You also learn about the wines made in this cool climate, the Constantia Valley terroir creating poetry in a glass.
The walk kicks off at Groot Constantia, early-ish – the sun is well in the sky, but it’s still got that cool morning feel. It’s around the estate and past the old Cloete graveyard on the first leg. In the shade of a lonesome tree, Matt pops some delicious Groot Constantia Blanc de Blanc CC to be taken with a sweet treat (we had pastéis de natas). Back at the tasting room, it is time to savour some of the estate’s finest.
And then it’s off at a leisurely pace – you don’t need your running shoes – to Klein Constantia, along paths not open to the public. Here the cool tasting room is a welcome relief after all this exertion. And it is time to top up on the tasting front. Klein Constantia, like its neighbour, has superb wines. Groups of eight or more are invited into the cellar for this stop. It ends with the globally renowned Vin de Constance, one of the world’s best natural sweet wines.
From there a short stroll past the dam to Buitenverwachting and lunch. But first, you get to taste three wines and discover more about what makes the valley’s wines so special.
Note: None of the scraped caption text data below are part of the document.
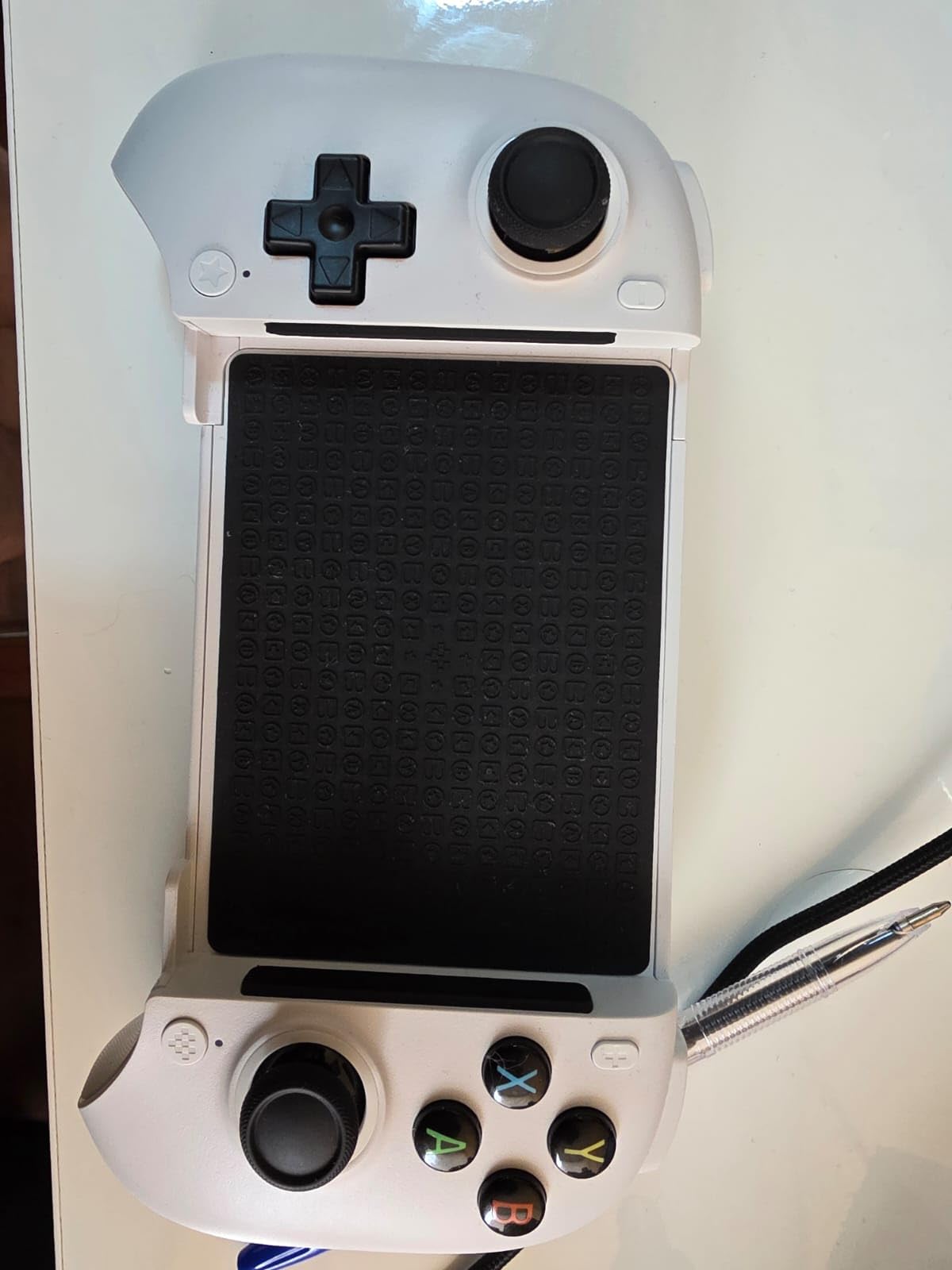 8BitDo Ultimate Mobile Gaming Controller for Android devices, Bluetooth Mobile Game Controller with Hall Effect Joysticks and Hall Triggers (Black) customer photo 2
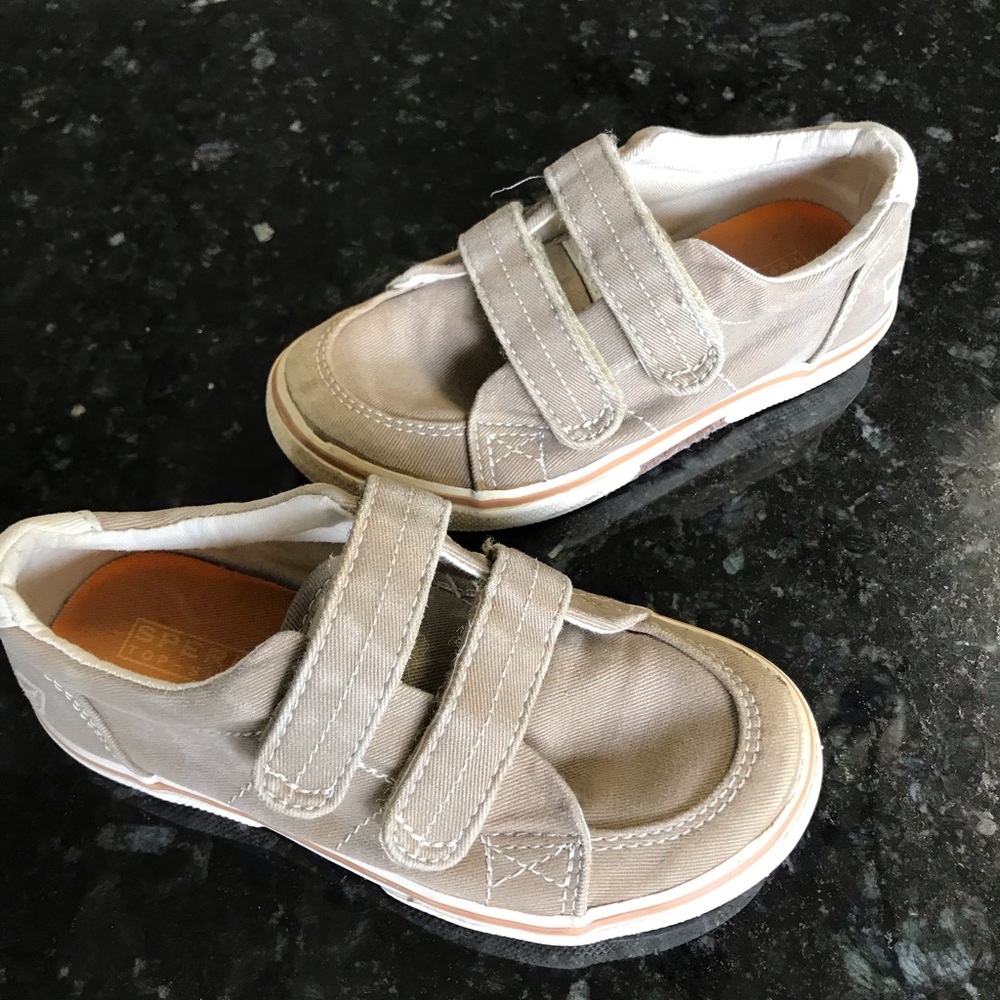 Sperry Topsiders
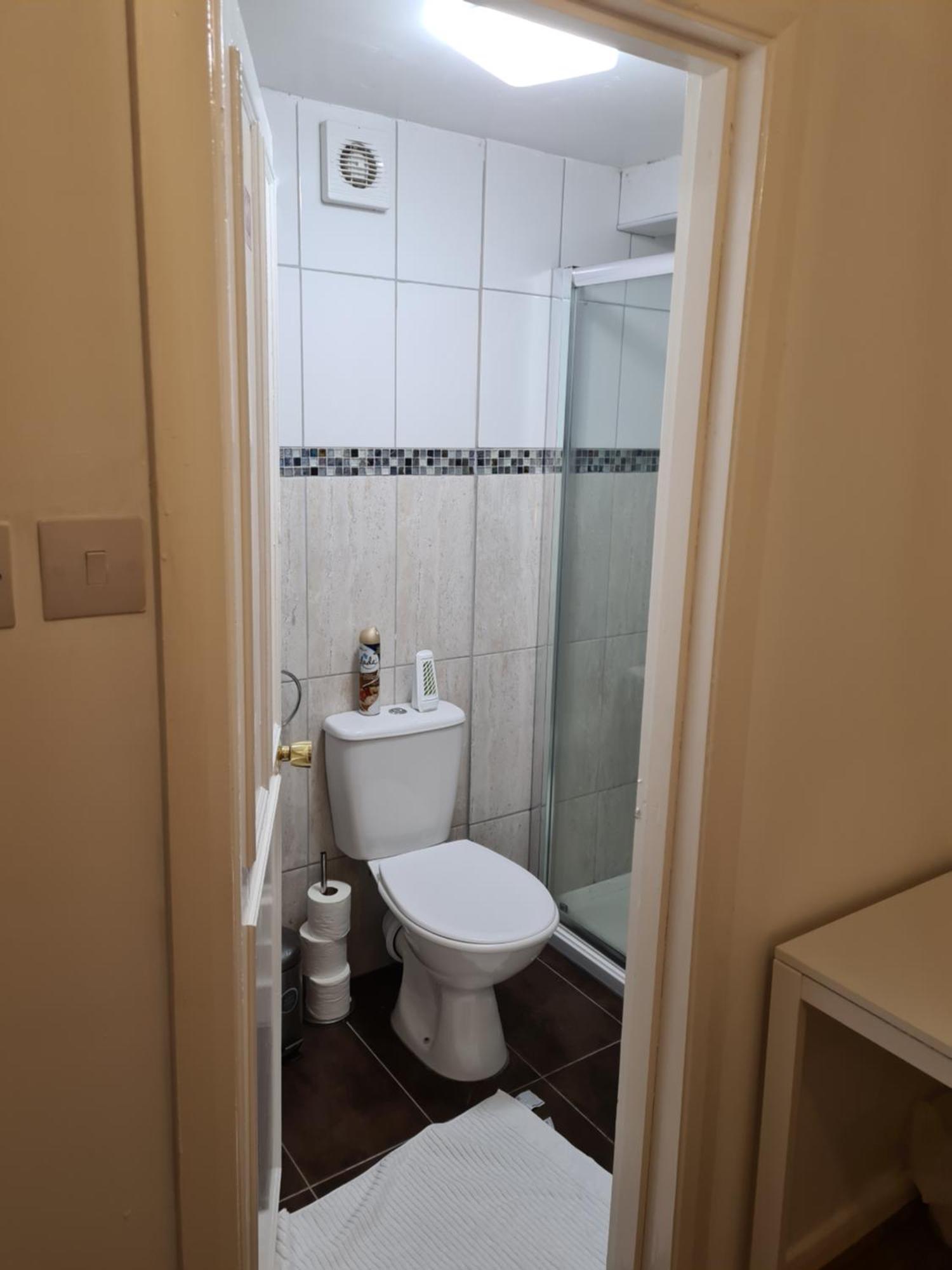 4br-2ensuite-10mincentrallondon-sleeps11-parking Casa de férias Londres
Platters for lunch can be taken in the tasting room, on the patio, or even on the grass under the spreading trees. The platters are something to behold, groaning with food. There’s charcuterie, of course, and patés, cheeses and preserves, and dips, crackers and breads. There are vegetarian, vegan, and halaal platters – the last two need to be ordered in advance, so be sure to let Constantia Wine Walk know if vegan or halaal is your preference.
It’s a lot of food, but you deserve it after your strenuous morning.
The tour is 6km long and usually takes four to five hours as an easy walk, including stops for wine tasting, chatting, and a harvest platter lunch at the end. Tours are offered on selected days each week and cost R1,950 per person.
Group tours with tastings at two farms instead of three and created for South Africans, start from R1,000pp. Shorter Groot Constantia tours are also available, starting from R400pp.